▶ _The data_:
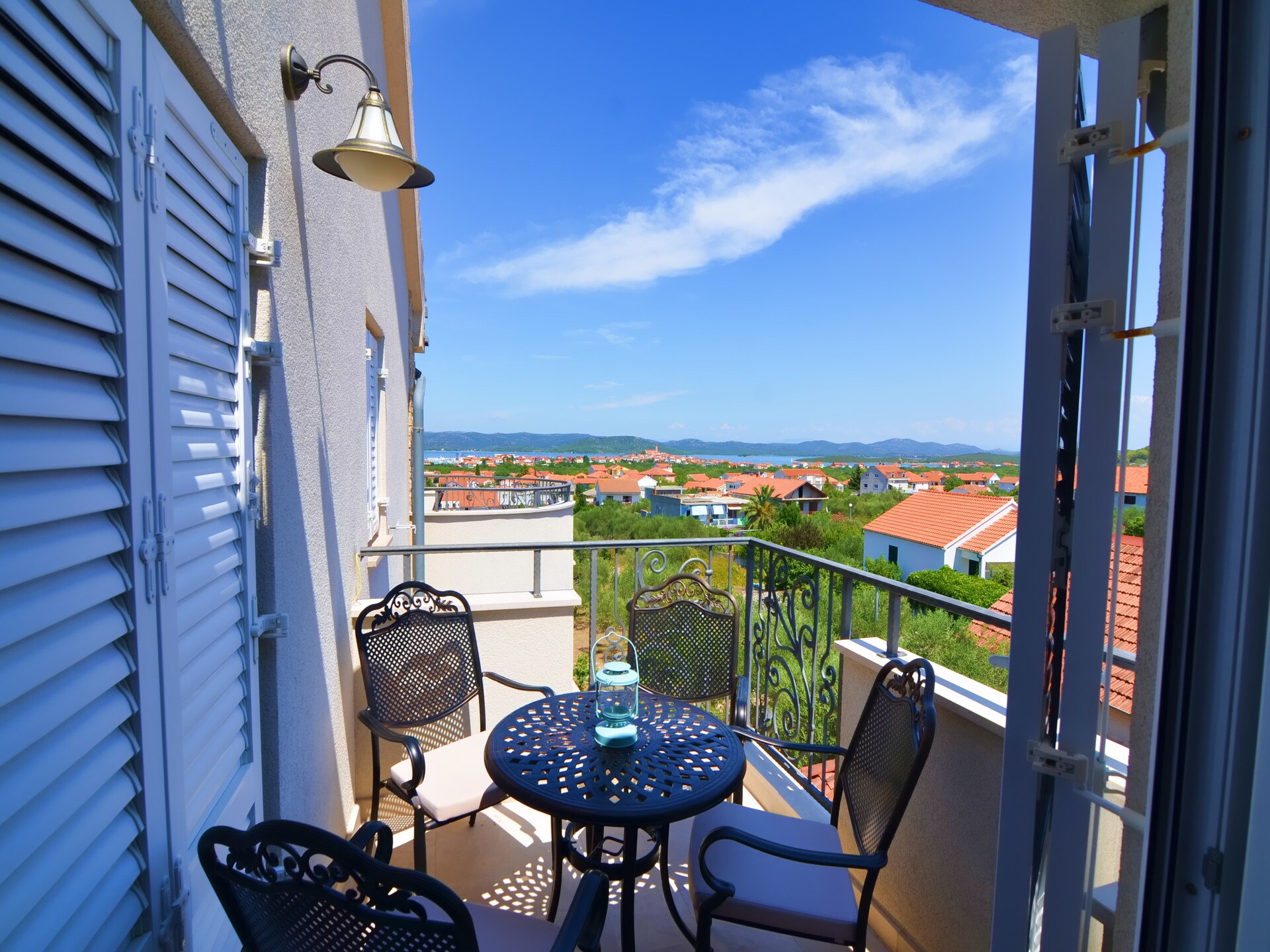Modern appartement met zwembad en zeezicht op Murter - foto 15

==

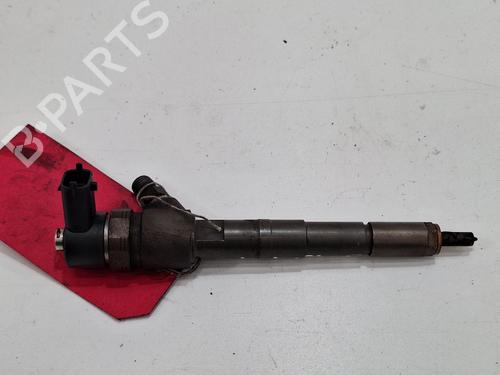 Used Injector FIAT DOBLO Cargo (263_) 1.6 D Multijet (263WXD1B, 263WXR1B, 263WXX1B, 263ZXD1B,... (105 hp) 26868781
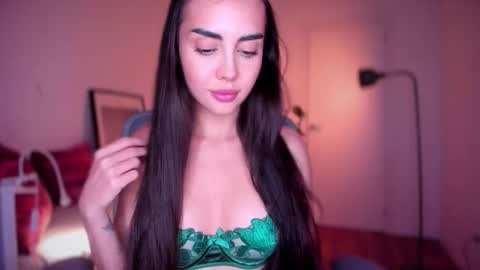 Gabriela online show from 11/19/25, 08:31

▶ _Required work_:
Range to copy from the listing above: the line containing "Used Injector FIAT" down to the line containing "Gabriela online show from 11/19/25, 08:31", both included. Reproduce it exactly, minus the pictures, and add nothing.

▶ _Task solution_:
 Used Injector FIAT DOBLO Cargo (263_) 1.6 D Multijet (263WXD1B, 263WXR1B, 263WXX1B, 263ZXD1B,... (105 hp) 26868781
 Gabriela online show from 11/19/25, 08:31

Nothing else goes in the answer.